Neurology malpractice risk driven by diagnostic error, communication failures and rising severity

Claims data point to missed diagnoses, weak documentation and supervision gaps as core exposure themes amid a tougher US liability climate

Neurology malpractice risk driven by diagnostic error, communication failures and rising severity

Life & Health

By Josh Recamara

Diagnostic complexity, communication breakdowns and supervision failures are emerging as persistent drivers of malpractice risk in neurology, with claims data reinforcing concerns about rising severity and the potential for outsized jury awards.

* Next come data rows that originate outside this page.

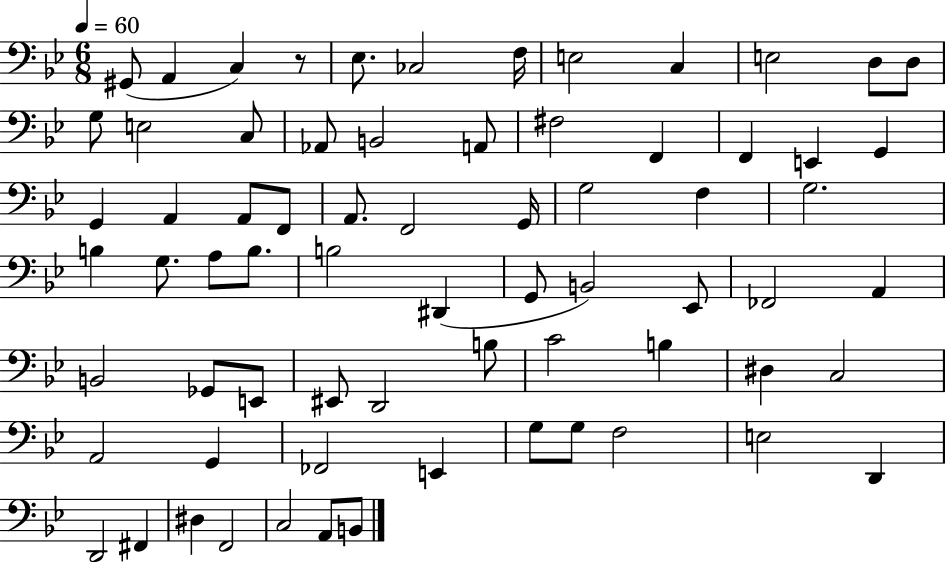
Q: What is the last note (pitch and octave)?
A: B2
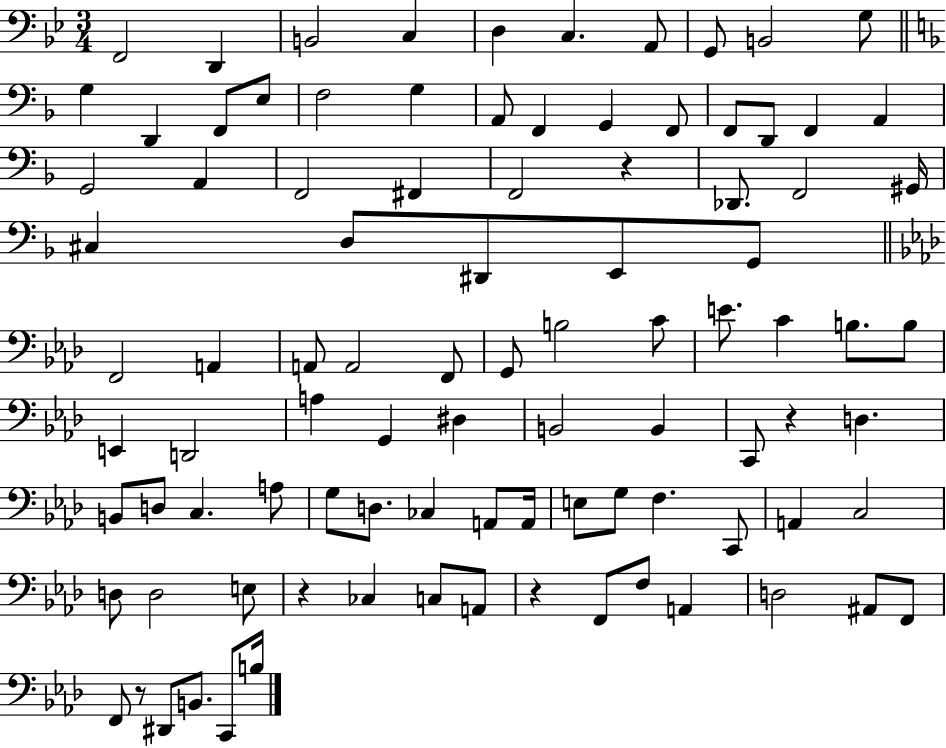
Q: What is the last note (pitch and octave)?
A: B3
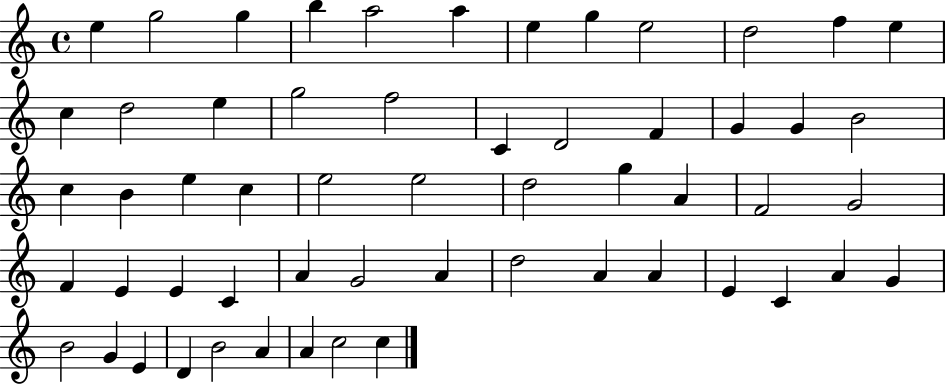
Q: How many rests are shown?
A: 0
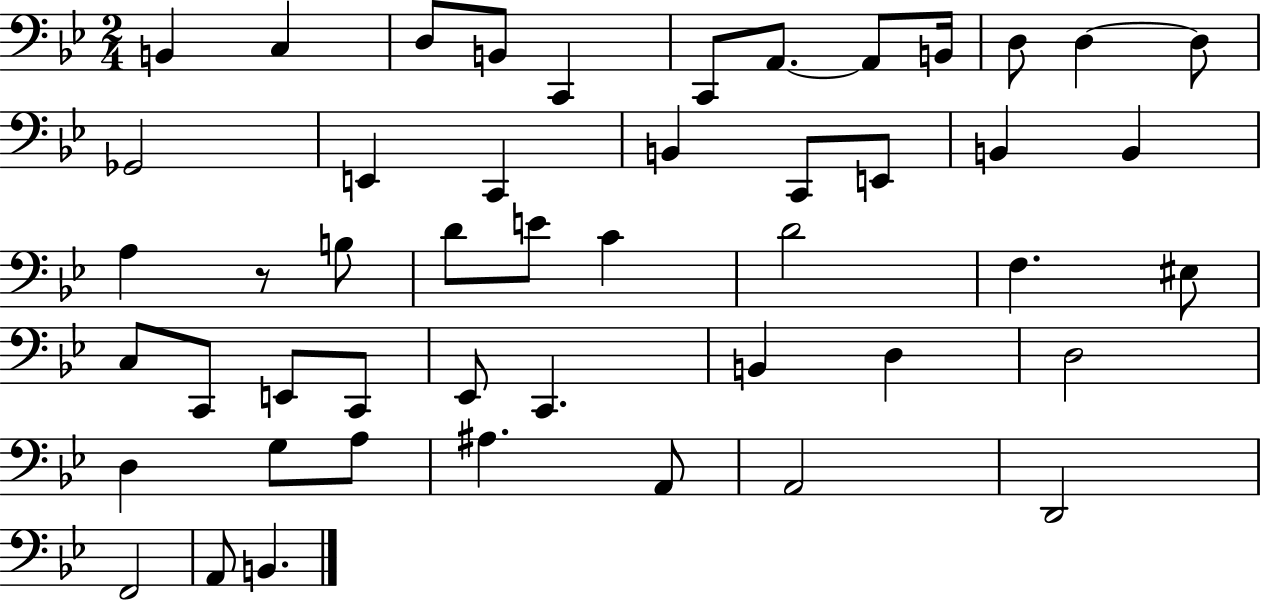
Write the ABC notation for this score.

X:1
T:Untitled
M:2/4
L:1/4
K:Bb
B,, C, D,/2 B,,/2 C,, C,,/2 A,,/2 A,,/2 B,,/4 D,/2 D, D,/2 _G,,2 E,, C,, B,, C,,/2 E,,/2 B,, B,, A, z/2 B,/2 D/2 E/2 C D2 F, ^E,/2 C,/2 C,,/2 E,,/2 C,,/2 _E,,/2 C,, B,, D, D,2 D, G,/2 A,/2 ^A, A,,/2 A,,2 D,,2 F,,2 A,,/2 B,,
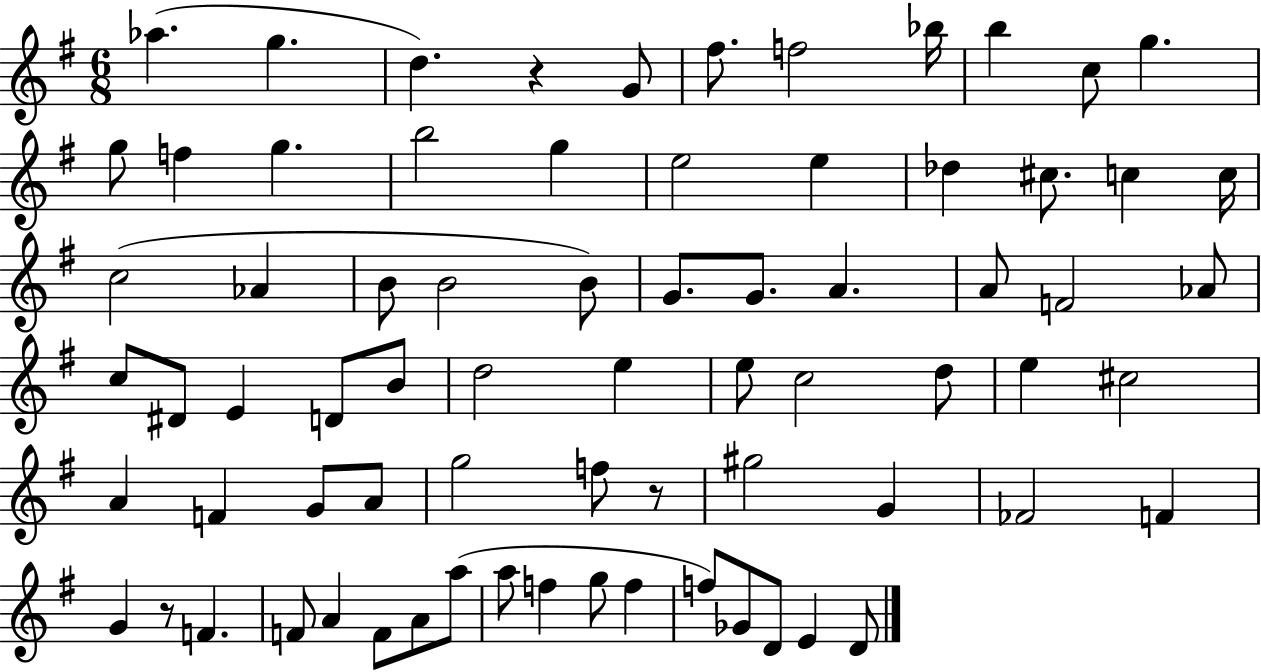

An analysis of closed neurology claims highlights recurring patterns in how patient harm occurs and why negligence allegations arise. Contributing factors frequently include breakdowns in clinical judgment, incomplete differential diagnoses, delayed escalation for imaging or specialist input, and documentation gaps. Patient behavior and follow-up challenges also feature, but non-technical factors - particularly communication failures - remain a consistent thread.

A case review within the data set examined breakdowns in neuromonitoring oversight during spinal surgery, where lapses in supervision, communication and documentation contributed to adverse outcomes and subsequent litigation. These themes translate directly into underwriting questions around escalation protocols, team communication standards and surgical oversight structures in neurology and neurosurgery practices.

Diagnostic error remains central exposure

Although neurology is not among the highest-frequency malpractice specialties, it carries material exposure because of the severity of potential injury. A large US study of paid malpractice claims between 1992 and 2014 found neurologists had an annual paid-claim rate of about 9.5 per 1,000 physician-years, with diagnostic error ranking among the leading allegation categories.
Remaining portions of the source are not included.